# REQUIRED ACTION
These records contain pictures, which must be left out; copy exactly the lines from the one with "C60 Shungite - iTorus" up to and including the one with "Play Juan de".

# MATERIAL FOR THIS EXERCISE
• • • •

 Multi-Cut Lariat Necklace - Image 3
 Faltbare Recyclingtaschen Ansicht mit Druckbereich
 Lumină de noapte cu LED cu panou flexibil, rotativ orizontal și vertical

• • • •

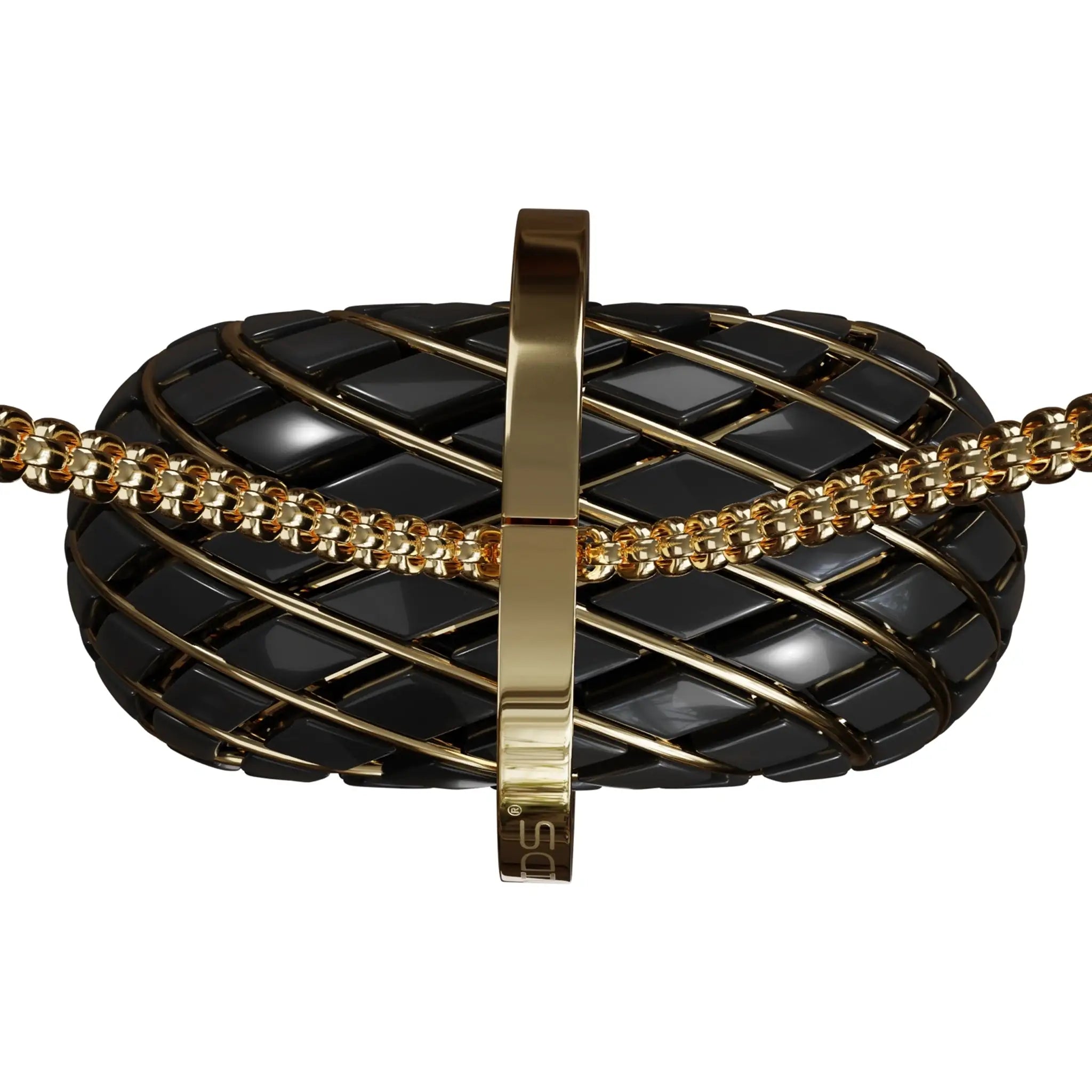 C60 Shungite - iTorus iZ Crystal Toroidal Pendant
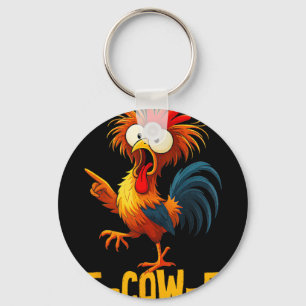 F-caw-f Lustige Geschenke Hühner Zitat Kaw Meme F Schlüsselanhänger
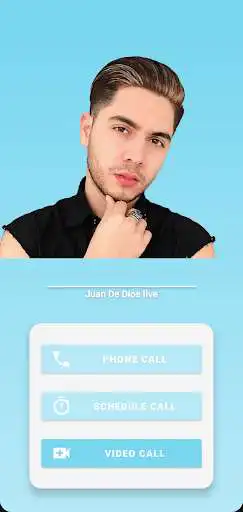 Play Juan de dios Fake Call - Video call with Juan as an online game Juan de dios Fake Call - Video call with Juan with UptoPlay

• • • •

# REPLY
 C60 Shungite - iTorus iZ Crystal Toroidal Pendant
 F-caw-f Lustige Geschenke Hühner Zitat Kaw Meme F Schlüsselanhänger
 Play Juan de dios Fake Call - Video call with Juan as an online game Juan de dios Fake Call - Video call with Juan with UptoPlay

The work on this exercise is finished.